Of course, but we’re not there yet, and we won’t be for a while.

The most important parts we need to improve are the very complex interactions with light we take for granted and therefore become essential in order to sell the scene as realistic. The nuance in texture detail from one object to the next, and the complexity of the 3D mesh, both in detail, and in it’s ability to be modifed in real-time (desctruction).

Which bring up another important fact - animations. Animations for the ambient 3D world/scenery, the characters and the little details that come up when the two interact. Nothing breaks immersion more than swords sticking through walls, feet not angled against the terrain properly, etc.

Ok, so I didn’t remember all the details correctly, but this is still big news for the game industry too. Mind-Blowing Research Into Inserting Artificial Objects into Photographs ** Rendering Synthetic Objects into Legacy Photographs** A video explaining the method. Edit: Kinthalis, my links deal with the challenge of lighting.

Oh, we can do better than that… assuming we’re not talking about rendering the image in real time… actually at least 30 times per second.

That’s a big limitation of games, they need to render everything, as well as update all of the engine logic (collision detection, pathfinding, animation, physics, AI, etc) multiple times per second.

We can create graphics that are a heck of a lot better than whats on games, but each frame can take hours for an entire server farm to render.

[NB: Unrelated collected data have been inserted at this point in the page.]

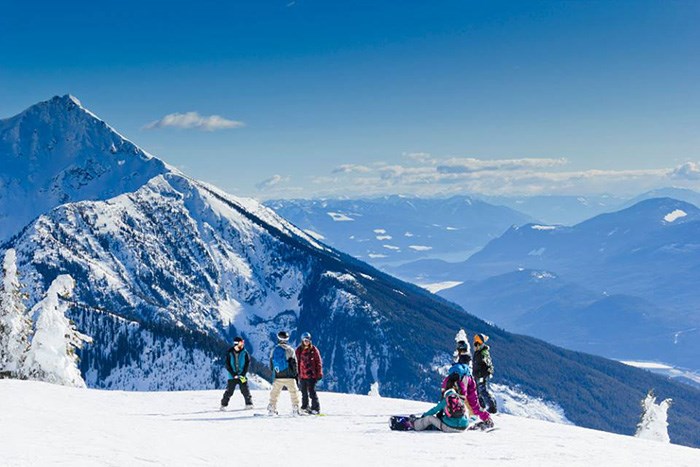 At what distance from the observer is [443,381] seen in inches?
845

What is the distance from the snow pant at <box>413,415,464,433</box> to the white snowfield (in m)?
0.32

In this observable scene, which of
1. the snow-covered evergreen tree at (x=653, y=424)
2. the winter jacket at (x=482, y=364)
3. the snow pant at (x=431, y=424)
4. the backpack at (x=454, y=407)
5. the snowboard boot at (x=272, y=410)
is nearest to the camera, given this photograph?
the backpack at (x=454, y=407)

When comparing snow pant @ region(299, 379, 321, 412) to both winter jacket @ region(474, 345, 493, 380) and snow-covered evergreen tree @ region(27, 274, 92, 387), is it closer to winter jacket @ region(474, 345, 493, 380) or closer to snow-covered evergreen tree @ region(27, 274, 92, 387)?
winter jacket @ region(474, 345, 493, 380)

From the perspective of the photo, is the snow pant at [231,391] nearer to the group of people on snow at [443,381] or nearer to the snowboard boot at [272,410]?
the group of people on snow at [443,381]

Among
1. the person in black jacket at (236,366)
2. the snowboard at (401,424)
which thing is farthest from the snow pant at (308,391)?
the snowboard at (401,424)

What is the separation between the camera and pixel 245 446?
18.4 meters

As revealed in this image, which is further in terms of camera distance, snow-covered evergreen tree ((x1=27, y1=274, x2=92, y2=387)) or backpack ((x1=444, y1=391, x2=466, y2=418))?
snow-covered evergreen tree ((x1=27, y1=274, x2=92, y2=387))

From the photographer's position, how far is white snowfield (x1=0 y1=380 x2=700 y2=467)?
1544cm

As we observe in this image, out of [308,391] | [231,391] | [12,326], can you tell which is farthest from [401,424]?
[12,326]

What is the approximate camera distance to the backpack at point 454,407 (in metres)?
21.2

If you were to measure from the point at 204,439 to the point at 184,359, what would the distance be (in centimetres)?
17983

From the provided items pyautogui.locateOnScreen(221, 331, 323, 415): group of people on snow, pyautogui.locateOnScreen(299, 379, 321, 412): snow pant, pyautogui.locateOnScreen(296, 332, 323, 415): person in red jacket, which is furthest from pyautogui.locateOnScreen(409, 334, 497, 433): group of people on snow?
pyautogui.locateOnScreen(299, 379, 321, 412): snow pant

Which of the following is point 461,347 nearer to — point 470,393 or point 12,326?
point 470,393

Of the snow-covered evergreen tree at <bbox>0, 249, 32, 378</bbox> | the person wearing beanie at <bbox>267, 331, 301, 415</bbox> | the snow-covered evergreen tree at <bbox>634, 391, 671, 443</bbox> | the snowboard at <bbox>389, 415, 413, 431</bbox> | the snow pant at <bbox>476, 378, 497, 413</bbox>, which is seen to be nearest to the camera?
the snowboard at <bbox>389, 415, 413, 431</bbox> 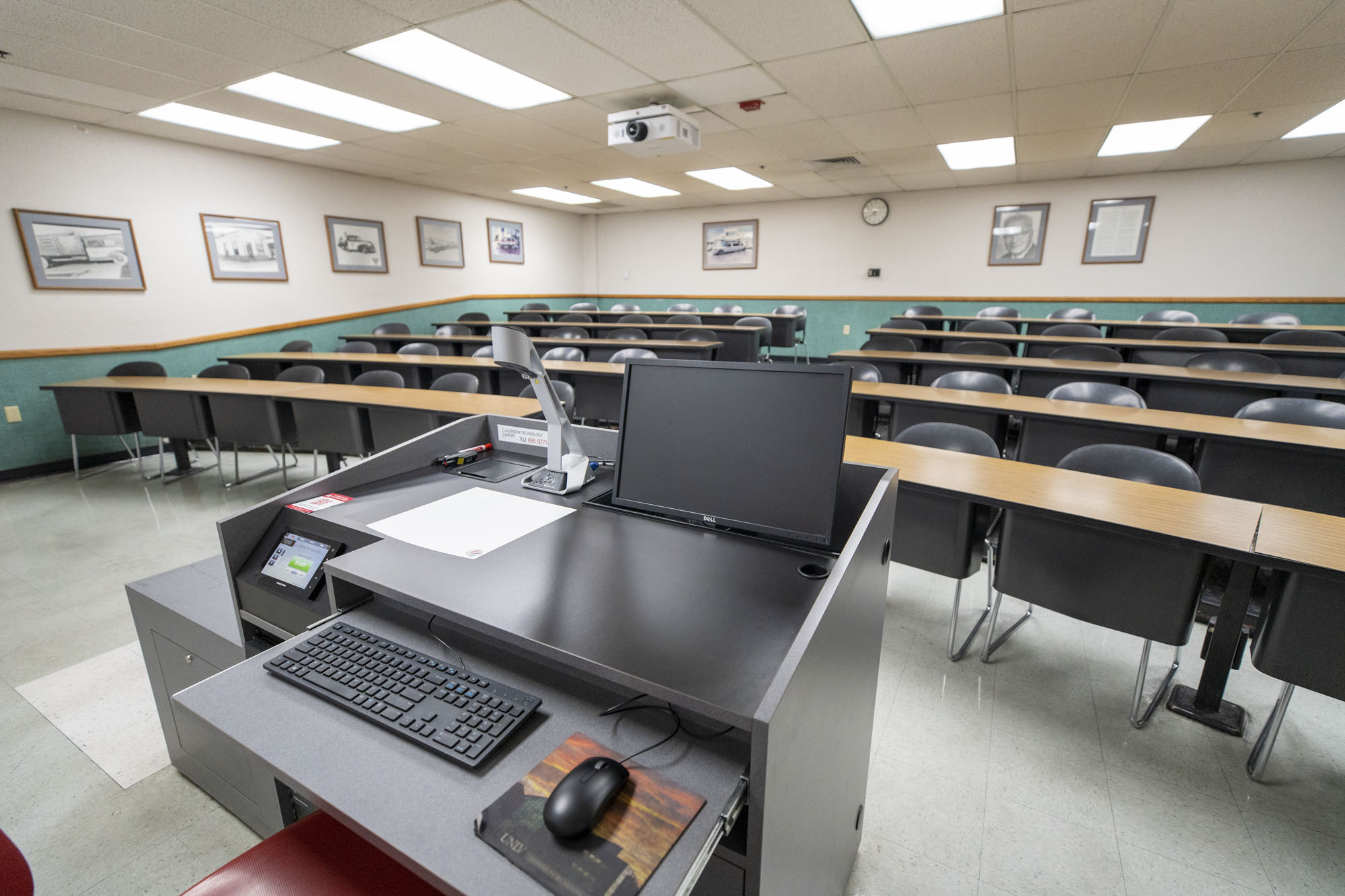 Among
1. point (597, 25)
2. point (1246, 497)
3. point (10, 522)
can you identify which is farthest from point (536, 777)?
point (10, 522)

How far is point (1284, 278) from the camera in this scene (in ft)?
21.4

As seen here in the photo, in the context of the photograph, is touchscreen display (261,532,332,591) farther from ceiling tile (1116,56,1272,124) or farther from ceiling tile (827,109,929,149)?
ceiling tile (1116,56,1272,124)

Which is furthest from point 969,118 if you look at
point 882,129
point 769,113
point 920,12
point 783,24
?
point 783,24

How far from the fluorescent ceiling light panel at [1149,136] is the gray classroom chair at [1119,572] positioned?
14.9 ft

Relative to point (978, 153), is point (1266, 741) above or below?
below

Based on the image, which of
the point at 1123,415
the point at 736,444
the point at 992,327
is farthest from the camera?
the point at 992,327

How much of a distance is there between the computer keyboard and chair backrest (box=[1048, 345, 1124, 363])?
4717 millimetres

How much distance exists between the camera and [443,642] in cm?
101

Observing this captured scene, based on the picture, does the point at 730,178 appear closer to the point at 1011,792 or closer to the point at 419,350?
the point at 419,350

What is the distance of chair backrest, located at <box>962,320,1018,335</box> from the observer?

Yeah, I mean once all computing is on the cloud, and by that I mean there’s an atom-sized 3.5 YottaHertz processor attached to literally every water molecule in every cloud, we can have Crysis 927 which realistically simulates billions of photons every millisecond, but even the best radiosity matrices are going to look slightly off. One of the main problems with simplification of lighting is that unless you use tricks and depth limiting (which undermine quality even further), you get infinite recursion problems with reflective surfaces pointing at each other. And we’re not talking about that two opposing mirror awesomeness (well, that too, but we can actually handle that pretty well nowadays), I mean how basically everything is a little reflective.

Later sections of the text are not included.